Construction began in 2020, with Modi laying the foundation stone of the temple to one of Hinduism's principal deities on a 2.7-acre (one-hectare) plot within a complex that sprawls over 70 acres (28 hectares).
Supervised by a panel headed by Modi's former chief of staff Nripendra Misra, construction cost an estimated 15 billion rupees ($181 million), funded by contributions amounting to more than twice that from 40 million people in India.
WHAT WAS THE RELIGIOUS DISPUTE ABOUT?
The Indian epic, the Ramayana, mentions Ayodhya, a town in the northern state of Uttar Pradesh nearly 700 km (435 miles) east of New Delhi, as the birthplace of Ram, whom Hindus believe to be a physical incarnation of Lord Vishnu.
The razed mosque dating from 1528, during the rule of Babur, India's first Mughal emperor, is believed by many Hindus to have been built on the spot where Ram was born, following the demolition of an earlier temple there.
In Dec. 1949, authorities seized the mosque after Hindu activists placed idols of Ram inside the disputed structure. Court orders barred removal of the idols, and use as a mosque effectively ceased.
Hindu and Muslim groups filed separate claims over the site and the structure. In 1989, a high court ordered the maintenance of status quo.
HOW WAS THE MOSQUE RAZED?
Hindu and Muslim groups tried unsuccessfully to resolve the dispute through talks, before Modi's Hindu nationalist Bharatiya Janata Party (BJP) launched a nationwide campaign in 1990 to build the temple.
Lal Krishna Advani, the president of the party at the time, embarked on a cross-country journey on a truck fitted out to resemble an ancient chariot.

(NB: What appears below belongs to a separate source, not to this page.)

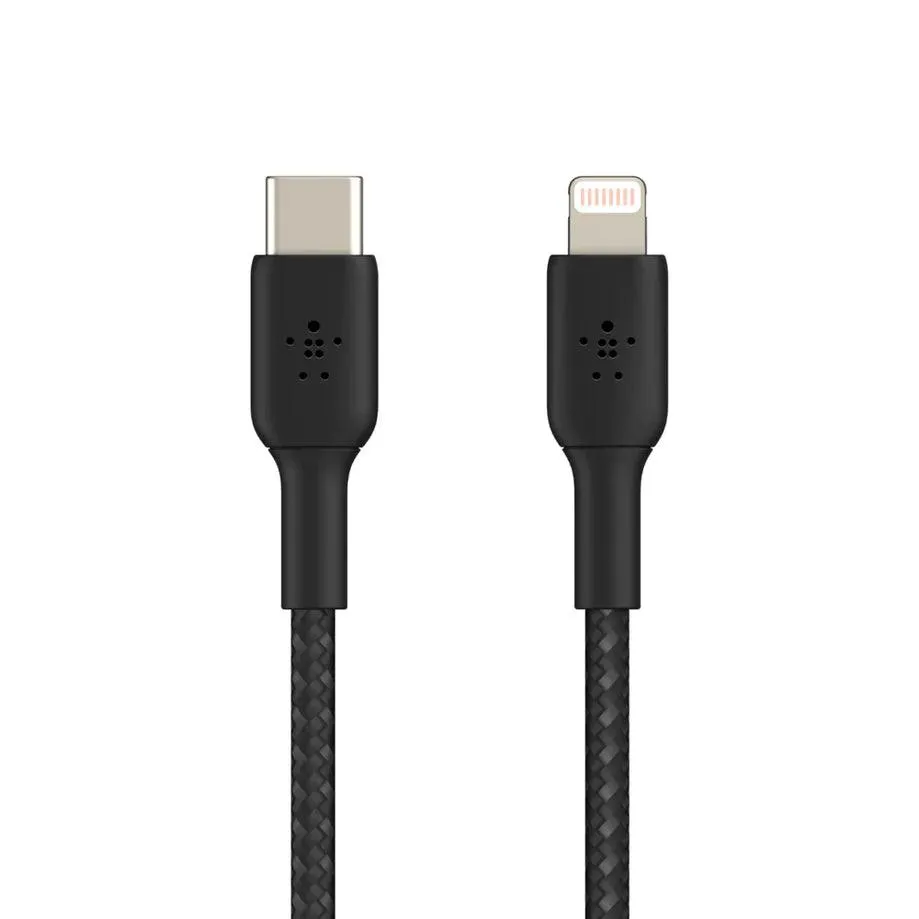 Belkin BOOST CHARGE USB C to Lightning Cable Speed & Durability - Black & White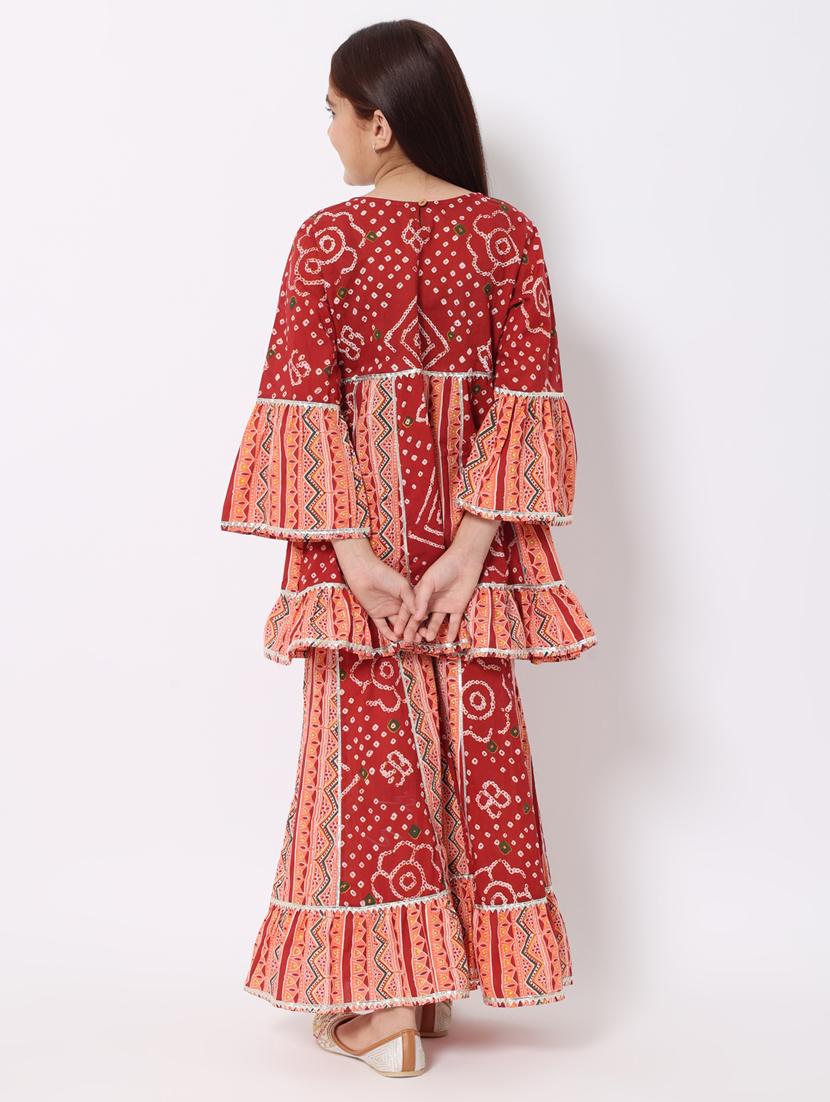 bandhani kurta sharara set - 20188063 - Standard Image - 3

It whipped up Hindu fervour, deepening rifts with Muslims but also catapulting the party to national prominence.
The BJP campaign climaxed in a rally in Ayodhya on Dec. 6, 1992, when a mob climbed the mosque and smashed its domes with axes and hammers, levelling the entire structure.
The event triggered sectarian riots in several parts of India, killing about 2,000 people, mostly Muslims.
Muslims are a minority in mainly Hindu India, making up about 14% of its 1.42 billion people.
As a foot soldier of the party at the time, Modi helped organise the chariot's journey, which began in his home state of Gujarat.
He rode to the office of prime minister in 2014 on a Hindu nationalist platform that included the promise to build the temple.
Temple construction began after the Supreme Court permitted it in 2019 on condition that Muslims received another plot for a mosque.